INSTRUCTIONS TO FOLLOW
Extract every record, keeping each one exactly as it is.

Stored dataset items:
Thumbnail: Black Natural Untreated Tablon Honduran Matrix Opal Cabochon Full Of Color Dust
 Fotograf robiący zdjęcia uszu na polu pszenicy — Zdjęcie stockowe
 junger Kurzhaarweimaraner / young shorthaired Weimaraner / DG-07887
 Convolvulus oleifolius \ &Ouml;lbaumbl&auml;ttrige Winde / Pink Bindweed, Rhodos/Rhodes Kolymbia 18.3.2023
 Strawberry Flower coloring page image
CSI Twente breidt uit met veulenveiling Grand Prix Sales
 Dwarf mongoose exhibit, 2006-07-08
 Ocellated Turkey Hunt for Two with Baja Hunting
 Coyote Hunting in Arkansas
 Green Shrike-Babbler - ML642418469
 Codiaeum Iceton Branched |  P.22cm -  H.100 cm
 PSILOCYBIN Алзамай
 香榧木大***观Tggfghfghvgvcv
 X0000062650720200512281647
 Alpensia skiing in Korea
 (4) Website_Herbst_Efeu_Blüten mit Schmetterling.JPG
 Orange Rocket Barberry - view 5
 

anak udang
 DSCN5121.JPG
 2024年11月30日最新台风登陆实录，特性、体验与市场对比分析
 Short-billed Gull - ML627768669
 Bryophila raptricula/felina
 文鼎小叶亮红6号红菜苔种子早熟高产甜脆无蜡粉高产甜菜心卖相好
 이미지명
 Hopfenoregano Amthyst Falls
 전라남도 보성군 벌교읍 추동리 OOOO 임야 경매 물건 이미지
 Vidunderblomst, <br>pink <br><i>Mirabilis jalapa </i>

SOLUTION TO THIS TASK
Thumbnail: Black Natural Untreated Tablon Honduran Matrix Opal Cabochon Full Of Color Dust
 Fotograf robiący zdjęcia uszu na polu pszenicy — Zdjęcie stockowe
 junger Kurzhaarweimaraner / young shorthaired Weimaraner / DG-07887
 Convolvulus oleifolius \ &Ouml;lbaumbl&auml;ttrige Winde / Pink Bindweed, Rhodos/Rhodes Kolymbia 18.3.2023
 Strawberry Flower coloring page image
CSI Twente breidt uit met veulenveiling Grand Prix Sales
 Dwarf mongoose exhibit, 2006-07-08
 Ocellated Turkey Hunt for Two with Baja Hunting
 Coyote Hunting in Arkansas
 Green Shrike-Babbler - ML642418469
 Codiaeum Iceton Branched |  P.22cm -  H.100 cm
 PSILOCYBIN Алзамай
 香榧木大***观Tggfghfghvgvcv
 X0000062650720200512281647
 Alpensia skiing in Korea
 (4) Website_Herbst_Efeu_Blüten mit Schmetterling.JPG
 Orange Rocket Barberry - view 5
 

anak udang
 DSCN5121.JPG
 2024年11月30日最新台风登陆实录，特性、体验与市场对比分析
 Short-billed Gull - ML627768669
 Bryophila raptricula/felina
 文鼎小叶亮红6号红菜苔种子早熟高产甜脆无蜡粉高产甜菜心卖相好
 이미지명
 Hopfenoregano Amthyst Falls
 전라남도 보성군 벌교읍 추동리 OOOO 임야 경매 물건 이미지
 Vidunderblomst, <br>pink <br><i>Mirabilis jalapa </i>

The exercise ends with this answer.